This book doesn’t contain a whole chapter (or chapters) on cryptography. That’s
because you don’t need to understand it (do you really want to plough through thirty
pages on the maths behind RSA or AES?). Understanding cryptography is what
cryptographers are there for. Virtually all of the attacks on cryptography completely
ignore the crypto anyway and instead attack the way that it’s used (see “What’s your
Threat Model?” on page 242 for more on this). What you do need to know about
cryptography is how to use it appropriately (and/or how not to use it inappropriately).
There’s plenty of advice on that in this book.
Another thing you may notice about this book is that there’s no mention of your
favourite piece of cool security technology. In fact there’s no mention of lots of cool
security technology, because there’s an awful lot of it out there and much of it will
never really benefit anyone except the stockholders of the companies peddling it, if
that. An example of this is quantum cryptography, a not-entirely-secure, short-range
and above all extraordinarily expensive way of achieving what we’ve been doing
using Diffie-Hellman key exchange since the mid-1970s.

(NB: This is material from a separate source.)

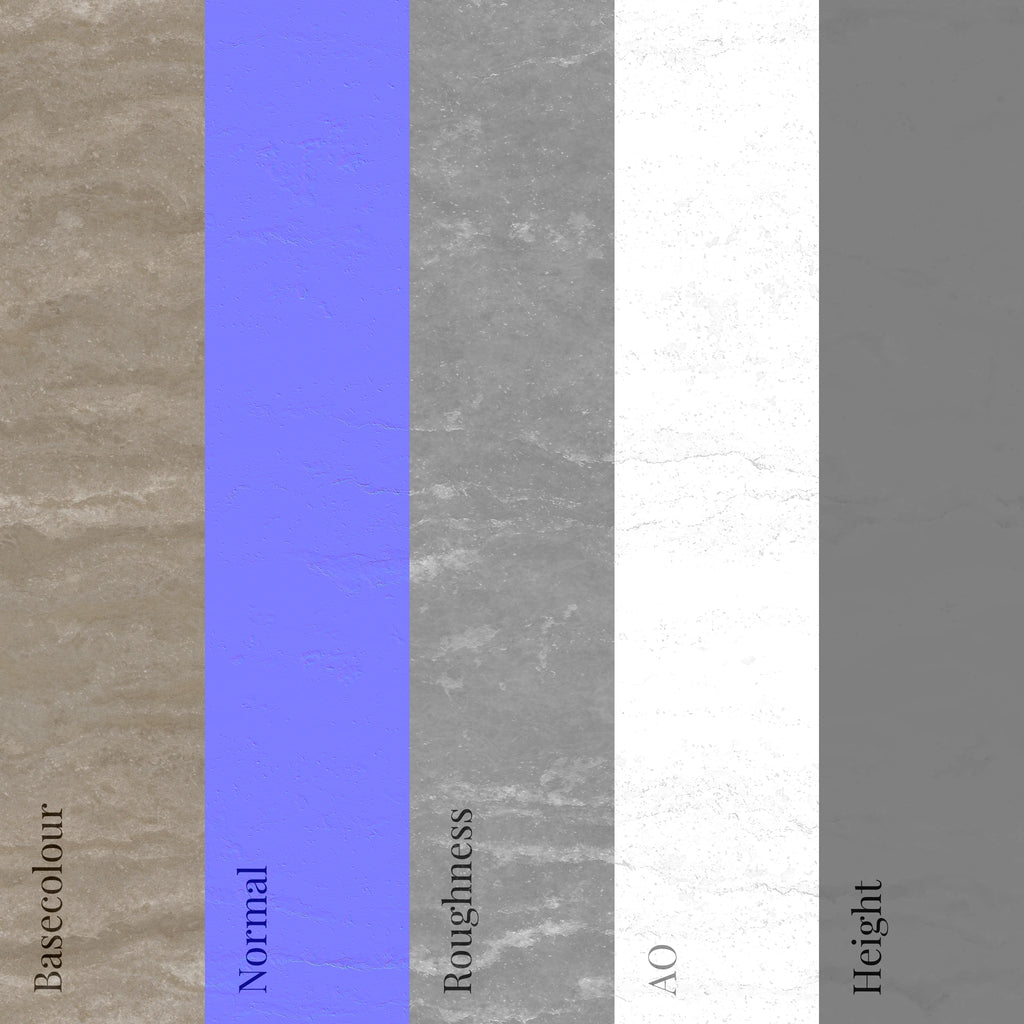 Rough Cut Travertine PBR Texture - Example Scene Visualization | Superellipse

It uses physics, or magic,
or something like that so it’s got to be good.
There really isn’t room to cover all of these fashion-statement technologies (although
I’ve made passing reference to a few in places where I wanted to illustrate
something), so if you find that I’ve omitted to mention your pet technology then it’s
most probably because I feel that it’s unlikely to have much, if any, effect on the bad
guys, and because this book is already long enough as it is.
So if that’s not what the book is about, what does it contain?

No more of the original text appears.